| Google
SiteMaps and You
RSS (Really Simple Syndication)
is the current heavyweight of so-called "disruptive technologies"
(loosely defined as those that have the effect, if not developed
with the intention, of changing the way we use technology in general)
and its use is skyrocketing among content providers looking for
a way to get their content in front of more eyes and ears. But RSS
originally stood for Rich Site Summary, a standard way of cataloging
your site's content for third-party aggregators.
Google Sitemaps have a similar function, in that they are an XML-based
way to describe website content in a standard, predictable way;
but they differ in that Sitemaps are intended for the Googlebot's
eyes only, rather than for any third-party. Think of them as an
automated way to make sure Google knows about your site's content
(please note, however, that Google does not guarantee inclusion
of your content based solely on the presence of a Sitemap file).

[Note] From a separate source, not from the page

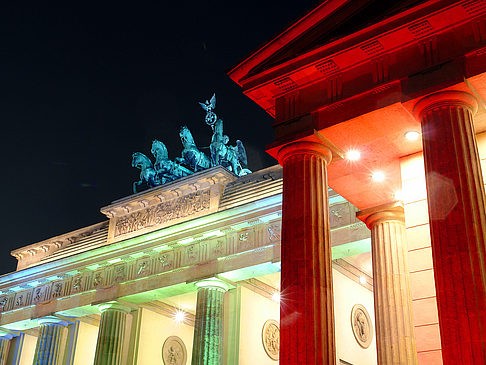 Brandenburger Tor bei Nacht Fotos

This sounds like a very specific undertaking, but the importance
of Google to getting your site's content noticed can simply not
be overstated. And with Google's expanding reach into more and more
areas of Web content presentation, chances are that you can be assured
that the information your Sitemap provides will eventually find
some use you haven't yet thought about. That's what disruptive technology
is all about, and Google has become one of the more innovative champions
of such technological advances.
Where To Start
The first thing you should do as a website developer is create a
Google Account for yourself or your company. This will allow you
to do other things besides access the Sitemaps infrastructure; but
we'll leave that for another day. Create the account here and
then proceed to the Sitemaps area at this link. Once you've logged
in, you'll see the sparse Sitemaps interface. Don't be fooled, however,
because like the simple interface to its search engine, this one
hides quite a bit of information regarding the creation and use
of Sitemaps, presenting it in digestible bites as you walk through
the process.
There's probably more there than you need to know at this point,
provided you don't have a huge site with a need for multiple Sitemaps
and so on. But if you do have such a site, the information is there
for creating truly complex Sitemaps and Sitemap Indices referencing
many Sitemaps and you can familiarize yourself with that as needed.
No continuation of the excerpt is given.